While you may not need a PhD in psychology to write sales copy, it helps to take a lesson or two from the study of human behaviour to get the maximum value from your writing.

Maslow's Hierarchy of Human Need

In the 1950s Dr. Abraham Maslow proposed a hierarchy of human needs:

1. Physiological needs include the need for food, clothing and shelter.

2. Security and Safety needs include the need to be free from physical danger and to be secure in the feeling that physiological needs can be met.

3. Social needs involve the need to be loved, to be accepted and to belong.

4. Ego needs involve the need to be heard, to be appreciated and to be wanted.

5. Self Actualization needs involve the need to achieve one's fullest potential.

He suggested that people are motivated by this hierarchy of needs and as they are met, beginning with step 1 those needs are no longer motivating.

In general, most people in industrialized nations have met their physiological and safety needs. Therefore, they are seeking now to satisfy social needs, ego needs and self actualization needs.

It is probably no coincidence that social media is such a fast growing phenomenon in societies that seek acceptance and belonging.

You can apply Maslow's hierarchy to sales writing by understanding where your product fits on the hierarchy of need and where your target market sits on the hierarchy of need, then tailoring your writing to respond to that need. For example, retailers who sell clothes may fit on one of several levels:

1. Physiological: Durable, warm children winter coats.

2. Security: Children winter coats with no dangling pull strings that could strangle, reflective material that can be seen in the dark and weatherproofing against snow and rain.

3. Social: Children winter coats in up to date styles and colors.

4. Ego: Children winter coats with high status brand names such as Tommy Hilfiger or celebrity status such as part of the Hannah Montana or Jonas Brothers collection.

5. Self Actualization: Children winter coats that are made by women cooperatives or do not contain any material from animals.

Your children winter coats may actually respond to each level of the hierarchy.
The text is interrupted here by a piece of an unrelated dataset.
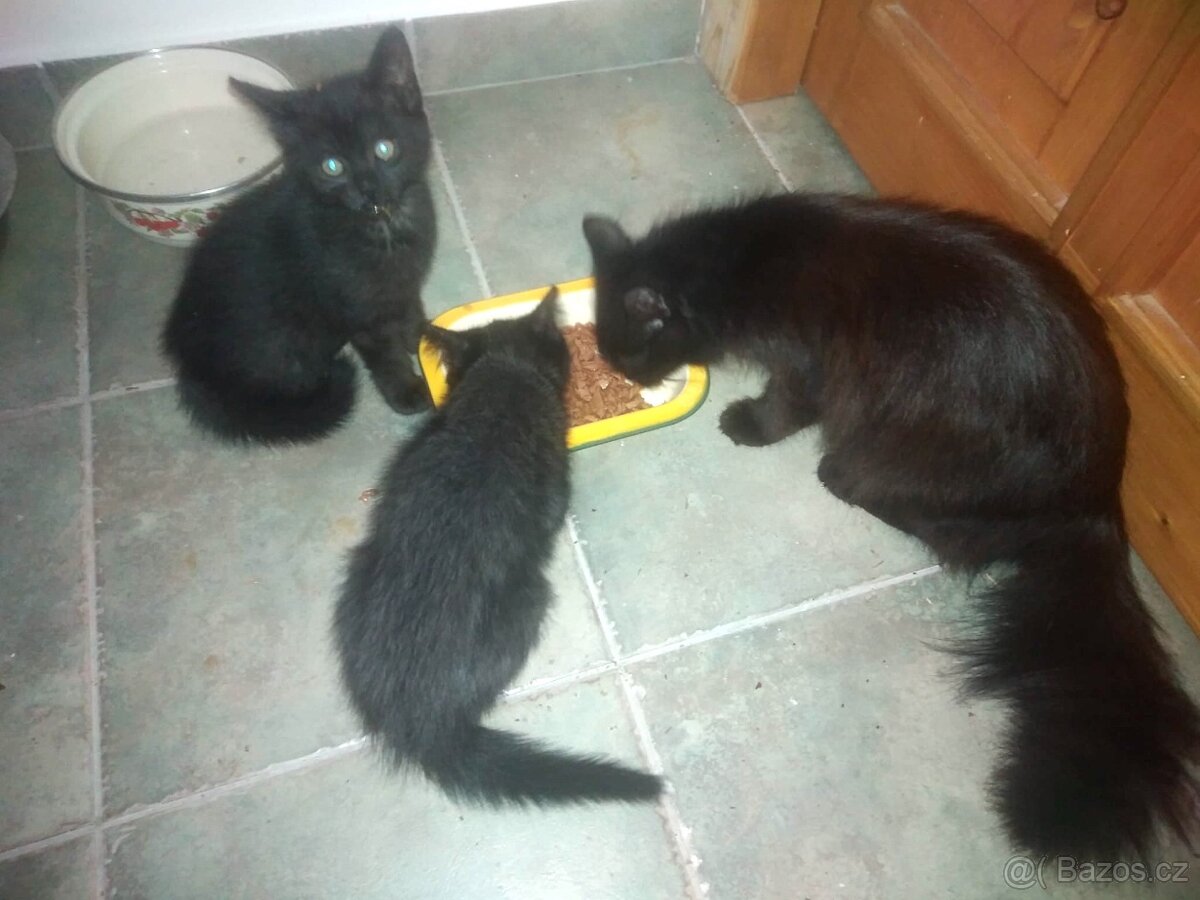 Malý černý Ďáblík hledá nové království. 🐾😺🐾 - 4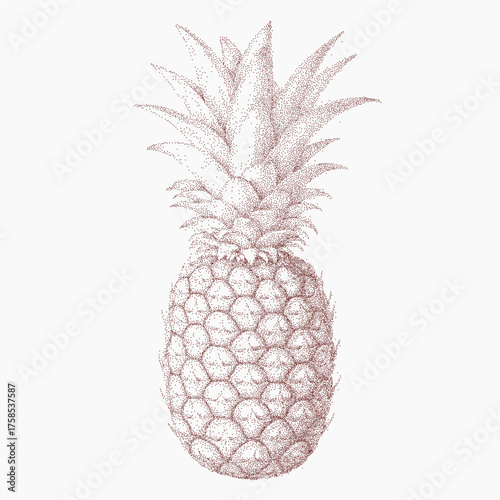 Red pineapple with ink texture and rough shadows, stippled surface and gritty grain, dusty speckles over a worn paper background.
You might write about the coats differently, depending on which target market you hope to attract.

Attract the reader with a powerful headline.

Your sales copy needs to begin by attracting the reader's attention. You can attract attention in a number of ways.

1. Describe a benefit that responds to the hierarchy, e.g.:

a. Physiological: The warmest winter coat you will find this year.

b. Security: Keep your child safe and warm.

c. Social: She will be a fashionable in our faux leopard print winter coat.

d. Ego: Vera Wang gave our children fur lined Sherpa jacket as a gift.

e. Self Actualization: Your child will love our ultra warm winter coat and she will love helping a child in Botswana as well.

2. Use an emotion that responds to the hierarchy:

a. Physiological: Your child will never be cold again.

b. Security: Safety first with our best winter coats.

c. Social: Belong to the in crowd with our fashion first winter coat.

d. Ego: Your child will turn heads in her new winter coat.

e. Self Actualization: Build a bridge of caring with our top of the line children winter coat from the Mexican Women Cooperative.

3. Announce something new or special about your product:

If the headline does not grab your customer, they will not read the rest of the copy.

Solve your customer's problem.

One of the biggest mistakes that sales copy writers make is to focus on the product features, at the expense of making the connection between the customer's problem and how the product solves the problem. Here are some examples.

Instead of:

'Our portable cell phone charger has 1800 mAH.'


'You can use your cell phone for six hours longer when you use our 1800 mAH portable cell phone charger.'

Instead of:

'This blouse comes in five jewel toned colors.'


'With this blouse's choice of five jewel toned colors, you can choose the color that best expresses your personality.'

Take a step back and think about your product in terms of the needs it meets and/or the problems it solves, then try writing problem solving phrases. Do any of those possibilities resonate as a possible headline or component of the copy content?

Bottom Line

Understand why your customer wants and needs your product, then frame your copy in those terms.